SK Telecom’s edge lies in its versatility due to access to information from its telecom network, ranging from navigation to taxi-hailing services. The company aims to act as a bridge between cutting-edge model research and real-world impact by leveraging its telecom infrastructure, extensive user base, and proven services like A.
SK Telecom is also investing in AI infrastructure through GPUaaS, South Korea’s largest GPU-based service, and building a new hyperscale AI data center with AWS. To fill any gaps, they are partnering with Korean AI chipmaker Rebellions, securing trusted data partnerships through work with the government and universities, and fostering a global research network.
Naver Cloud, the cloud services arm of South Korea’s leading internet company, introduced its large language model, HyperClova, in 2021, followed by an upgraded version, HyperCLOVA X, in 2023, along with new products powered by the technology: CLOVA X, an AI chatbot, and Cue, a generative AI-driven search engine that competes with Microsoft’s CoPilot-enhanced Bing and Google’s AI Overview. This year they also unveiled HyperCLOVE X Think, their multimodal reasoning AI model.
Naver Cloud believes the true power of large language models (LLMs) lies in their ability to serve as connectors linking legacy systems and siloed services to improve usefulness. Naver stands out as Korea’s only company with an “AI full stack,” having built its HyperCLOVA X model from scratch and managing the massive data centers, cloud services, AI platforms, applications, and consumer services that bring the technology to life.
Similar to Google but tuned for South Korea, Naver is embedding its AI into core services like search, shopping, maps, and finance.

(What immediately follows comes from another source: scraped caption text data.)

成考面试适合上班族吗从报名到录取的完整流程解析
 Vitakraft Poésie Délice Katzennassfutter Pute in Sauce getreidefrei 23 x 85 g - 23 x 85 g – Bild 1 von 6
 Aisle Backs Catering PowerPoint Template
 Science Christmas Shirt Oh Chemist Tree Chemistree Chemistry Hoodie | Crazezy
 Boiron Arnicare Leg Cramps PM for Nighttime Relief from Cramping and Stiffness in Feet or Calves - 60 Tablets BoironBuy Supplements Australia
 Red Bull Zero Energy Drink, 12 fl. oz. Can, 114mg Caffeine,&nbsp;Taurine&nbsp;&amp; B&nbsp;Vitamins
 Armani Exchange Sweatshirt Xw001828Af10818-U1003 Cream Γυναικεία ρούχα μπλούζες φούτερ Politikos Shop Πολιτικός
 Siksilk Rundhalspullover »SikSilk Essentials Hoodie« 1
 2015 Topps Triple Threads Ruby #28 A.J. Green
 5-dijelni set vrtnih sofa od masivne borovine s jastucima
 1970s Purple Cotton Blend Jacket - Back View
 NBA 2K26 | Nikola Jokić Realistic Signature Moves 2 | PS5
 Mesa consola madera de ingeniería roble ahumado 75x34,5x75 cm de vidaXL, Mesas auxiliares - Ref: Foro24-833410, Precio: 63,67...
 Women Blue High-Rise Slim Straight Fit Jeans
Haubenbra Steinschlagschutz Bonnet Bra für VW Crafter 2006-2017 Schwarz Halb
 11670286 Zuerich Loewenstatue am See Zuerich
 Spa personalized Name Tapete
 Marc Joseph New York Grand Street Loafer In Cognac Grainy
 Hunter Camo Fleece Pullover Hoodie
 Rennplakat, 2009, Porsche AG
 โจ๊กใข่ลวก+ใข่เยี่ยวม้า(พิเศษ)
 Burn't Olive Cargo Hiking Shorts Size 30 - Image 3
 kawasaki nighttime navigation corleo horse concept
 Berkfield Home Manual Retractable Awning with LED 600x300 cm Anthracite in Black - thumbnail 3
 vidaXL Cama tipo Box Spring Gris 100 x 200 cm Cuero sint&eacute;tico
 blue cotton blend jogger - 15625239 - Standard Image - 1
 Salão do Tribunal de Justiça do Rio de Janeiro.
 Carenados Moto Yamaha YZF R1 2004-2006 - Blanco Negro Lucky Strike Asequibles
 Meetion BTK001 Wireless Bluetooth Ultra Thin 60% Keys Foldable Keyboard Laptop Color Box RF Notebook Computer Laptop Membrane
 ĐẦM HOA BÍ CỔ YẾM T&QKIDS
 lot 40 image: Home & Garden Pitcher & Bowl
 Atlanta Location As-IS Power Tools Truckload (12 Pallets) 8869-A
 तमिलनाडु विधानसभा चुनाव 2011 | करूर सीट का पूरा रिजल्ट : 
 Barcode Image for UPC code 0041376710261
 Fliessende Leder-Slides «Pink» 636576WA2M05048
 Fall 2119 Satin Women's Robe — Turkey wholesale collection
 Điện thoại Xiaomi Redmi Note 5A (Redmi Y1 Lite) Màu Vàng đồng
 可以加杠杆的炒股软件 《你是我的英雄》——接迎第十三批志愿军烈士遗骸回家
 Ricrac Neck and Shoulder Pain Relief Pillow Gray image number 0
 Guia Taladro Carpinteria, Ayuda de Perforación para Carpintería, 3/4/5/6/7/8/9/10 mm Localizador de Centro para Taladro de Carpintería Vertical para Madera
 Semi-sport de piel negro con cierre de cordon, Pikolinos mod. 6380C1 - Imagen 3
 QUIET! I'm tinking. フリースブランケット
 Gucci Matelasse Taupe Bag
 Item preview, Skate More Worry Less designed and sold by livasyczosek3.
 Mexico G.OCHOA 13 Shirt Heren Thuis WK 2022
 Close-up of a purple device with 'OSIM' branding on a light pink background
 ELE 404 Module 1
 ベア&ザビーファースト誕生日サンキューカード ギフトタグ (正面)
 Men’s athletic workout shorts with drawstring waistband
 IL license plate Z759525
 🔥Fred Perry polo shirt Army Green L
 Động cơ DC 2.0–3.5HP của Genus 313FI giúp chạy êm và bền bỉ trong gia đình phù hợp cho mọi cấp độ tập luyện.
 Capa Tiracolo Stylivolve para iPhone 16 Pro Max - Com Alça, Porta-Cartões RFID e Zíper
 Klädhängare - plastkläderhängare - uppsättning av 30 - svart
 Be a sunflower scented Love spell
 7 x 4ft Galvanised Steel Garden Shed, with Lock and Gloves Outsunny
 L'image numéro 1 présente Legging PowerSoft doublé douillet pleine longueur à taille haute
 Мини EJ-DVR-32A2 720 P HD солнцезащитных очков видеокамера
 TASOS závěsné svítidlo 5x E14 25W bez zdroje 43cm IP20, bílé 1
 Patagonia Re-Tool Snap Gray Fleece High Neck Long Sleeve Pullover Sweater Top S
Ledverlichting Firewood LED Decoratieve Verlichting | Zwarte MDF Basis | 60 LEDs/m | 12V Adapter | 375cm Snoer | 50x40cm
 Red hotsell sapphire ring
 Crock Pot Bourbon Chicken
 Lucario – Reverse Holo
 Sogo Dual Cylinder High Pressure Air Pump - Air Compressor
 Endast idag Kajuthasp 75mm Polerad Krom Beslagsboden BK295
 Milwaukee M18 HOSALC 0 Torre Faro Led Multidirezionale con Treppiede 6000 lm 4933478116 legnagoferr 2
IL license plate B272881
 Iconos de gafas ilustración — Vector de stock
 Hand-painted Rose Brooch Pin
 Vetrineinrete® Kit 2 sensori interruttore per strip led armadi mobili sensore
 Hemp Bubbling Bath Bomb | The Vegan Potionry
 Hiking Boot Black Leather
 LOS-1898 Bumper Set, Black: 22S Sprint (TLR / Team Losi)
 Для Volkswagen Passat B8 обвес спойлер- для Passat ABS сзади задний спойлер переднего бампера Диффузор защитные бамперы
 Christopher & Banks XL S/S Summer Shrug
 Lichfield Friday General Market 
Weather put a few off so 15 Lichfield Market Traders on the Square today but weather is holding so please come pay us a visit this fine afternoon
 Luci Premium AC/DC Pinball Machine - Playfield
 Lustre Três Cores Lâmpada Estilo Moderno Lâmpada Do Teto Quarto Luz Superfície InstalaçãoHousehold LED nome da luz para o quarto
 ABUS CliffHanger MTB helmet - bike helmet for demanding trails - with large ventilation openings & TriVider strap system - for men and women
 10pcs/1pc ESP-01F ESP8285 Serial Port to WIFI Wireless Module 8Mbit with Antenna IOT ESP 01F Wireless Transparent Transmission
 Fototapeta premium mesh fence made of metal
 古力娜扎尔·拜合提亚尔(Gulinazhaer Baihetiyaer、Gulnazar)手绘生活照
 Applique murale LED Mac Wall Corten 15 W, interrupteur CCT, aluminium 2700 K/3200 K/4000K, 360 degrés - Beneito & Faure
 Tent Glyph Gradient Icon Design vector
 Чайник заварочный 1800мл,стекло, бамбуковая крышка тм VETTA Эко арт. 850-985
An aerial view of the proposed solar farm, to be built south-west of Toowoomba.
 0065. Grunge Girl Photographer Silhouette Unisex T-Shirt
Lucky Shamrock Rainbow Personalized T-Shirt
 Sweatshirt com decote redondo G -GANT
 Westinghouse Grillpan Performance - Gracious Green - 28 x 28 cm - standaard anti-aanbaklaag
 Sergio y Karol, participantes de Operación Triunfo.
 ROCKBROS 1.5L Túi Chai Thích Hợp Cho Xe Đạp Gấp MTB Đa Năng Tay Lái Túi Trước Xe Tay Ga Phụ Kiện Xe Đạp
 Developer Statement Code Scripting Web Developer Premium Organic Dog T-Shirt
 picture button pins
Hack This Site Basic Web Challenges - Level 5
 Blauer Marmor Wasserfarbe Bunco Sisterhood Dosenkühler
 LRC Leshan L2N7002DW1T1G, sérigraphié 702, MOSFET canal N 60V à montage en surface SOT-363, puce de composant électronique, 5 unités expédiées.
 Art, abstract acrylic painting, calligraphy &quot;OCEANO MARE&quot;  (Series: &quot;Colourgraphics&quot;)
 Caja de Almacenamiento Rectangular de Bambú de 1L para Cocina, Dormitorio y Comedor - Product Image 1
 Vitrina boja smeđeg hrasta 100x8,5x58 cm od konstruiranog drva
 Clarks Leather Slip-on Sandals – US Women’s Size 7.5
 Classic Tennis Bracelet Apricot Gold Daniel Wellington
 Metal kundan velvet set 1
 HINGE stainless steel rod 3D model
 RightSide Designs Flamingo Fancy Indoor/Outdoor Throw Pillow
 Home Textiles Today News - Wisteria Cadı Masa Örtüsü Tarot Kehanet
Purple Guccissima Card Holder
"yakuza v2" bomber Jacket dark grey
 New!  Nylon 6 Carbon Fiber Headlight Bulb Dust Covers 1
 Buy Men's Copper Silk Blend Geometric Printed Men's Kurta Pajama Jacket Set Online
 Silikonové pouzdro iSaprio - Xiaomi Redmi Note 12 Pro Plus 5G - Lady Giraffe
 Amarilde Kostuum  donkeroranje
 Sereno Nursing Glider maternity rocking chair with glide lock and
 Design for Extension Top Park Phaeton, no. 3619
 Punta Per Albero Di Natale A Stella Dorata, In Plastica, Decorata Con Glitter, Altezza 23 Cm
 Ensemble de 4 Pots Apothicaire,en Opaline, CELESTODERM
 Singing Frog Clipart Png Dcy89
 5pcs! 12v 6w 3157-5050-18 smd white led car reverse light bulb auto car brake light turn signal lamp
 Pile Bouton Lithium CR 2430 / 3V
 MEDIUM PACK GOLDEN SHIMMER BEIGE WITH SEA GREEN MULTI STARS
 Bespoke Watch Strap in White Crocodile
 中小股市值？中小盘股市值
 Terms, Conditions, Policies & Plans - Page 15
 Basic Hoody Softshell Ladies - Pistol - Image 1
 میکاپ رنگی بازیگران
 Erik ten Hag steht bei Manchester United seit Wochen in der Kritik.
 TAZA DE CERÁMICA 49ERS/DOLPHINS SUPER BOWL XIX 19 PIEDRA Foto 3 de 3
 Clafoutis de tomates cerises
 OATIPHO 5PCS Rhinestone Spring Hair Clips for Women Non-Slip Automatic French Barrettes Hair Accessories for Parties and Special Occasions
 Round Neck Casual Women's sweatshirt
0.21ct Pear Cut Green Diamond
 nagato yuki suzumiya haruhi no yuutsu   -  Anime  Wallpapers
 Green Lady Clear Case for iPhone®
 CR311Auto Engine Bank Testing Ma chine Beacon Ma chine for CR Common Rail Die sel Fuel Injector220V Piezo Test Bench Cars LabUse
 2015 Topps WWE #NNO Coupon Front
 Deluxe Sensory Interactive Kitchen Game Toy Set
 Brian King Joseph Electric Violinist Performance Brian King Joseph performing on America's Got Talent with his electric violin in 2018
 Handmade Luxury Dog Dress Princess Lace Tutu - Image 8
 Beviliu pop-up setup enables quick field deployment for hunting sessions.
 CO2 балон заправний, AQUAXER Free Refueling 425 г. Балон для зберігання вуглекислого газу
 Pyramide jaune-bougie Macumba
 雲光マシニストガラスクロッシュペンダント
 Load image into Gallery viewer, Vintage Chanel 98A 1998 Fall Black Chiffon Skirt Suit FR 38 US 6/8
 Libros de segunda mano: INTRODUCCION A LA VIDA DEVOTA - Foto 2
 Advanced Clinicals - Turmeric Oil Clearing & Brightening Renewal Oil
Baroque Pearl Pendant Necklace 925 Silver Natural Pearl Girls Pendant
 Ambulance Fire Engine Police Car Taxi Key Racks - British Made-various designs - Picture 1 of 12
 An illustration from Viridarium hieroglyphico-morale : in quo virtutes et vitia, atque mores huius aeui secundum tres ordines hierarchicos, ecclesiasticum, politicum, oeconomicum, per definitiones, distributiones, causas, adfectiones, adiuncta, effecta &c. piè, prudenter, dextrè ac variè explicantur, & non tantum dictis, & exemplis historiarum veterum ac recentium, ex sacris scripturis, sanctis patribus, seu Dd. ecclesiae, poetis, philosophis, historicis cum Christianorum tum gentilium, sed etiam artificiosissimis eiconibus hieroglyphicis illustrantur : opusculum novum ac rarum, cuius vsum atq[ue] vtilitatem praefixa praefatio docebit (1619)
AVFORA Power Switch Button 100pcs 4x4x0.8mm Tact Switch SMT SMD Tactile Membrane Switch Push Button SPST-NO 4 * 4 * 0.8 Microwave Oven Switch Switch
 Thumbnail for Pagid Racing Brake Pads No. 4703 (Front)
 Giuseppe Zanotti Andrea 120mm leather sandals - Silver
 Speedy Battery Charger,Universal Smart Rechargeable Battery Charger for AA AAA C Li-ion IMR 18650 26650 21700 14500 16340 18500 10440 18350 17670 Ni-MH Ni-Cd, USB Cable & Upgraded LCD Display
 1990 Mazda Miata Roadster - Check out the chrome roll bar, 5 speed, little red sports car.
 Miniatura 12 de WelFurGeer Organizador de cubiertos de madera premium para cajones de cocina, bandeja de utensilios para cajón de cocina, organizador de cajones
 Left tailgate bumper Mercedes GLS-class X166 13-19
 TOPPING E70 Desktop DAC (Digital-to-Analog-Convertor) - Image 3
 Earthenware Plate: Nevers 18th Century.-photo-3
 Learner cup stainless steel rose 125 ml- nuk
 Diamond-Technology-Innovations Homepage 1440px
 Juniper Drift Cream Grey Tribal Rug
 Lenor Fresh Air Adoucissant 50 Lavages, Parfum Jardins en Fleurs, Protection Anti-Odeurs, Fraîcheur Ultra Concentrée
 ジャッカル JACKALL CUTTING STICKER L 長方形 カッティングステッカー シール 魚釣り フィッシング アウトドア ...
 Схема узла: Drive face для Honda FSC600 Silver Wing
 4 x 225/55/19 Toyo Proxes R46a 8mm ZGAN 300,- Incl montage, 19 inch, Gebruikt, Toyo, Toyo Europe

The company’s advantage lies in its real-world data, such as its AI Shopping Guide offering recommendations based on actual consumer preferences. Other services include CLOVA Studio, which allows businesses to create custom generative AI, and CLOVA Carecall, an AI-powered check-in service designed for seniors living alone.
The Naver spokesperson emphasizes that overtaking global AI giants like OpenAI and Google depends on two factors: perfecting their “recipe” for models and securing the capital to scale them. However, instead of pursuing size, the company underscores sophistication, arguing its AI is already globally competitive at comparable scales.
Upstage is the only startup participating in the project. Launched last July, Upstage’s Solar Pro 2 model was the first Korean model recognized as a frontier model by Artificial Analysis, placing it alongside OpenAI, Google, Meta, and Anthropic, according to Soon-il Kwon, executive vice president at Upstage. While most frontier models have 100 billion to 200 billion parameters, Solar Pro 2 — with just 31 billion — outperforms global models on major Korean benchmarks.
Upstage aims to differentiate itself by focusing on real business impact rather than just benchmark performances. The startup is developing specialized models for industries like finance, law, and medicine while working to establish a Korean AI ecosystem led by “AI-native” startups.